Would you return each record that follows word for word, without its pictures?

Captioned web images
━━━━━━━━━━
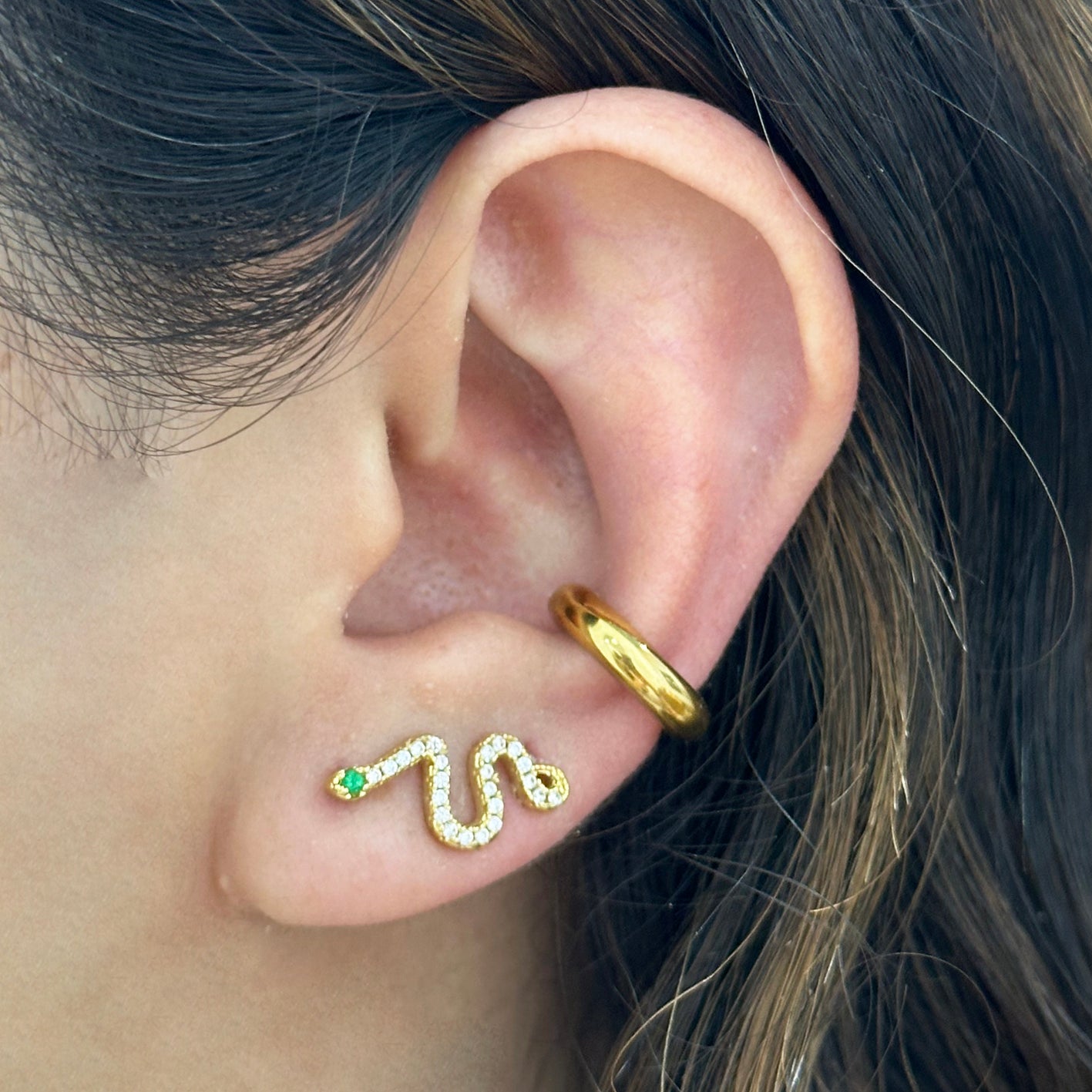 Aretes Serpiente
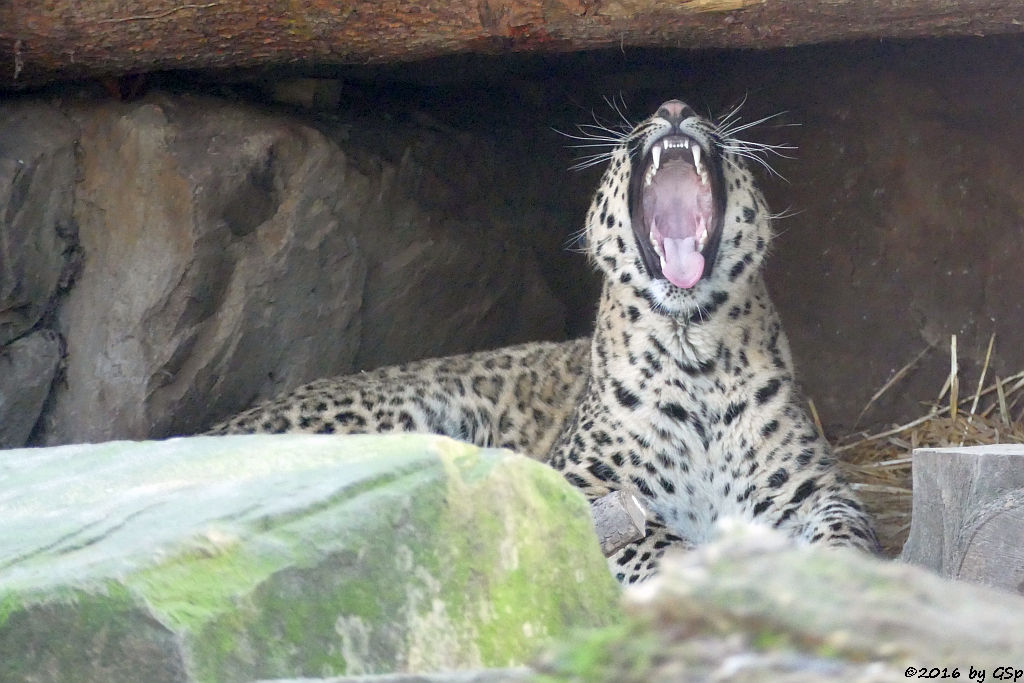 Nordpersischer Leopard (Afghanischer Leopard)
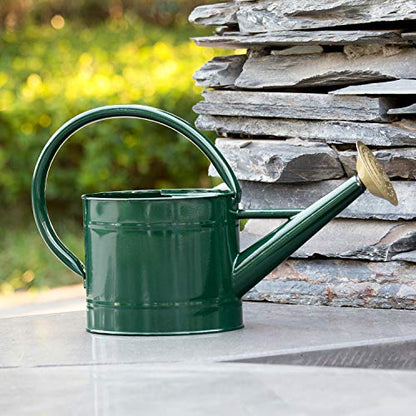 1.3 Gallon Jade Green Metal Watering Can, Removable Spout - color: Green, size: 1.3 Gallon
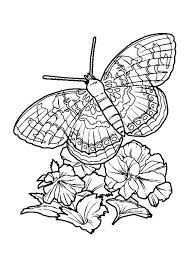 Afbeeldingsresultaat Voor Vlinders En Bloemen Kleurplaten Ausmalbilder Kinder Ausmalb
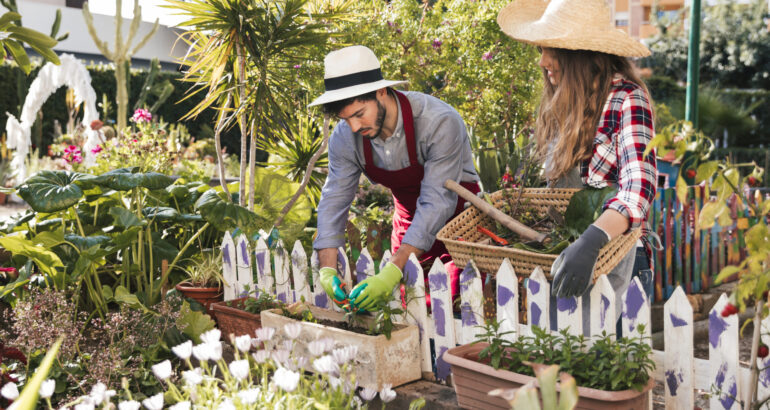 Tipy, jak vytvořit atraktivní předzahrádku u domu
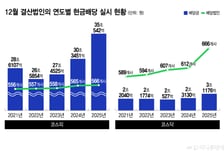 상법개정·밸류업이 쏘아 올린 '배당 잔치'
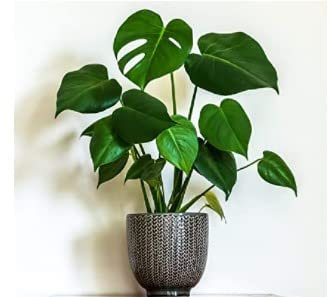 Monstera deliciosa (Swiss Cheese Plant) in 17cm Pot - 50-60cm Tall Houseplant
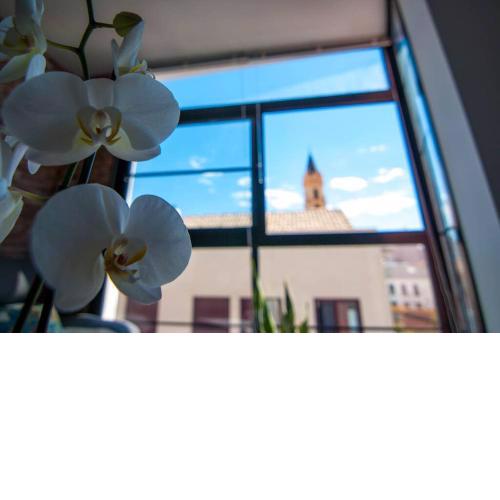 Apartment with terrace in Malaga Center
━━━━━━━━━━
_Written answer:_
 Aretes Serpiente
 Nordpersischer Leopard (Afghanischer Leopard)
 1.3 Gallon Jade Green Metal Watering Can, Removable Spout - color: Green, size: 1.3 Gallon
 Afbeeldingsresultaat Voor Vlinders En Bloemen Kleurplaten Ausmalbilder Kinder Ausmalb
 Tipy, jak vytvořit atraktivní předzahrádku u domu
 상법개정·밸류업이 쏘아 올린 '배당 잔치'
 Monstera deliciosa (Swiss Cheese Plant) in 17cm Pot - 50-60cm Tall Houseplant
 Apartment with terrace in Malaga Center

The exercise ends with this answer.